Which is exactly what I’m afraid of. With its decontextualized blasts of content, my Twitter feed feels like a cafeteria where I can’t find a seat. I carry my tray from table to table, working up the nerve to squeeze in and say, “Hey guys, what are you talking about?” Without mastering Twitter, I fear, a no-name writer like me will have no place at the table.

But what if you’re somewhere between Franzen and me? What if you’re a mystery writer with a series of books in print? What if, although you’re more tech-savvy than your contemporaries, you’d have little time to tweet between manuscript deadlines and weekly stints as an amateur sleuth? In other words, what if you’re Jessica Fletcher?
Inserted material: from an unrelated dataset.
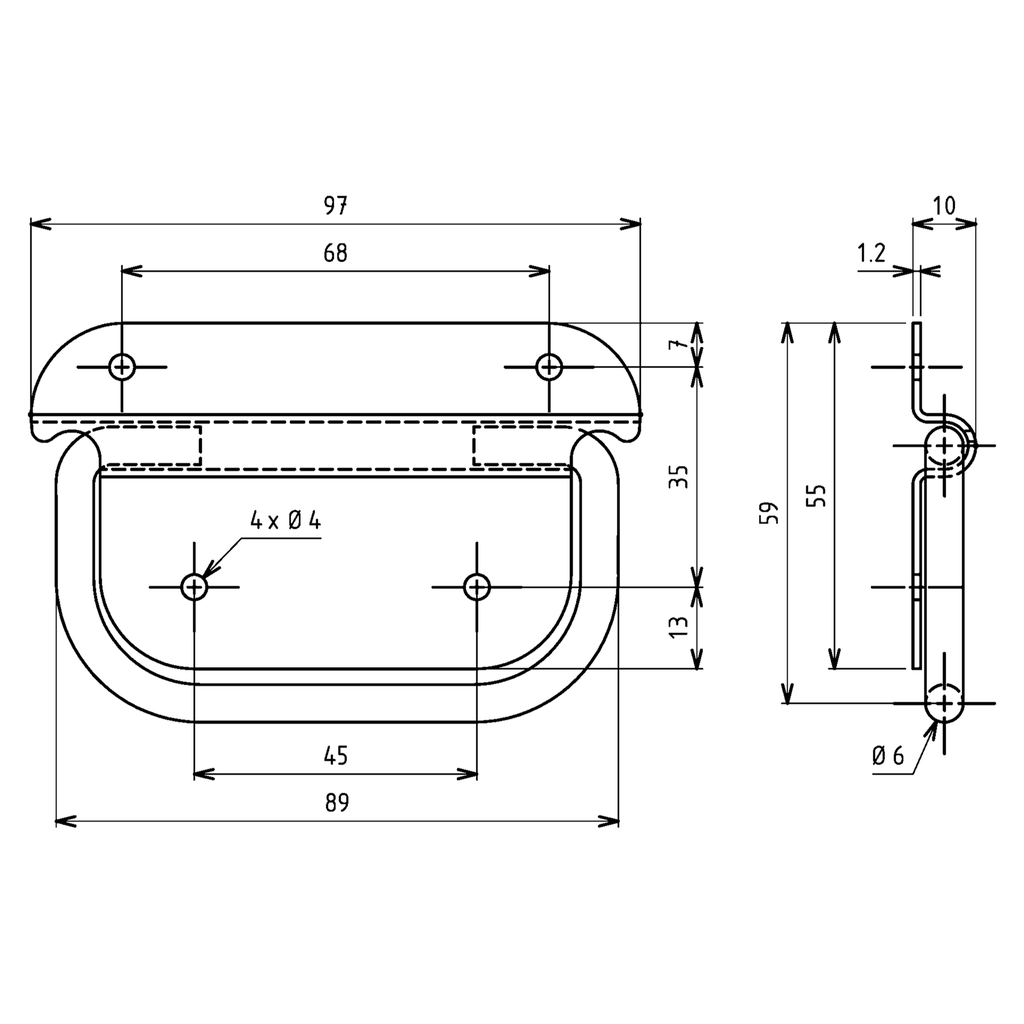 Drawing Image 1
I’ve become preoccupied with the question of whether Jessica Fletcher would tweet since I started watching Murder, She Wrote reruns on the Hallmark Channel last year. Identifying with Jessica Fletcher is reassuring if you are concerned about finding your way as a writer in a rapid-fire digital landscape. She is simultaneously connected and calm, plugged in and personable, decisive, and down to earth. She is safety and certainty in a world that is uncertain.
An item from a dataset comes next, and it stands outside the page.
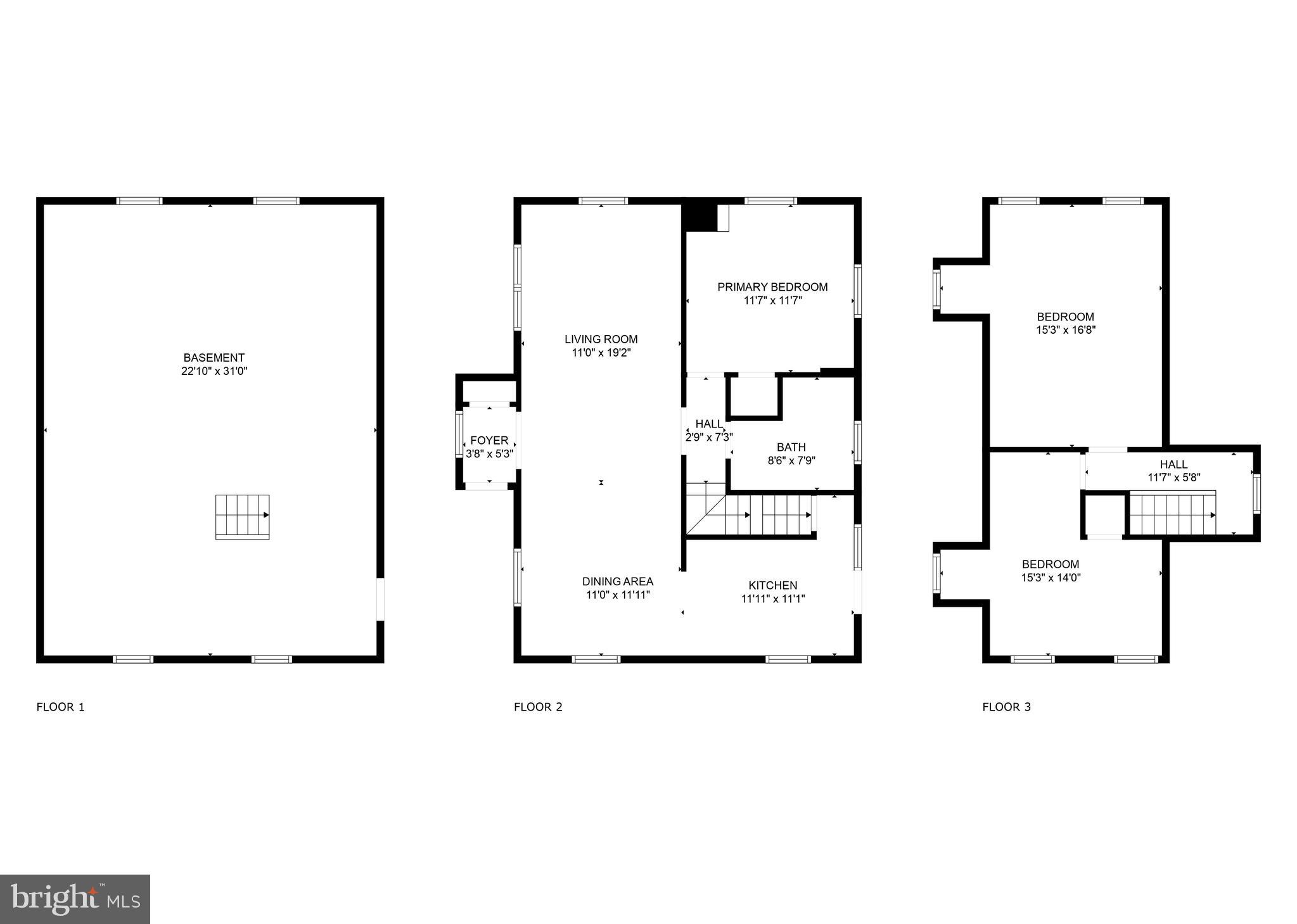 DUNDALK - Residential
Watch any episode of Murder, She Wrote, and you can be certain the most despicable character will be murdered, Jessica Fletcher’s friend or protégé will be blamed, and the real killer will be exposed in a confrontation with J. B. Fletcher while the authorities listen from the next room. Predictability is among the show’s greatest appeals. Angela Lansbury called Murder, She Wrote a “comforting, unthreatening mystery show”; during the program’s heyday, Lansbury told the New York Times, “People find mysteries extremely satisfying. There’s a beginning, middle, and end. You solve the mystery along with me … Children watch the show with their parents or grandparents. The show is sort of a lollipop.”

In our True Detective era, it’s tempting to dismiss Murder, She Wrote as a relic of a less sophisticated time. But even when the series debuted in 1984, critics were surprised that audiences wanted a lollipop. Other popular programs that year were less saccharine: Cagney & Lacey, The A-Team, Dallas, Dynasty, and Hill Street Blues. Against these harder-edged shows, Murder, She Wrote was considered a long shot, but it became one of television’s most popular series. It ranked among the ten highest-rated shows for eight of its 12 seasons and only fell below #15 in its final year, when CBS moved it to Thursday night, opposite NBC’s Friends.
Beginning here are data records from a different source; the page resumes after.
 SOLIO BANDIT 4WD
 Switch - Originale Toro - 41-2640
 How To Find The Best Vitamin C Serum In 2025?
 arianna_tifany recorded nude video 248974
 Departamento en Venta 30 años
Jessica Fletcher makes room in the conversation for pleasantly familiar voices. She proves that popular culture is not the exclusive domain of the hot new thing. Yet she is hardly old and tired. Bruce Lansbury, Murder, She Wrote’s supervising producer and Angela Lansbury’s brother, explained the show’s popularity to the Los Angeles Times: “It’s Angie and her expression of Jessica Fletcher as a real human being, someone people trust and have confidence in, a mature woman who is up with the times.”

Indeed. Jessica Fletcher is like Nancy Drew with an AARP card. Like Nancy, she is capable of anything. In the first season of Murder, She Wrote alone, Jessica Fletcher fills a congressional seat, helps a pair of Russian ballet dancers defect to the United States, co-owns a football team (in an episode where Bruce Jenner’s character is arrested for murder), and lectures at a university. And she doesn’t shy away from new technology. As the series progresses, she makes the transition from rotary phone to cordless and from typewriter to computer. Jessica Fletcher had a computer in her home in 1991, a year before my parents bought our family’s first PC.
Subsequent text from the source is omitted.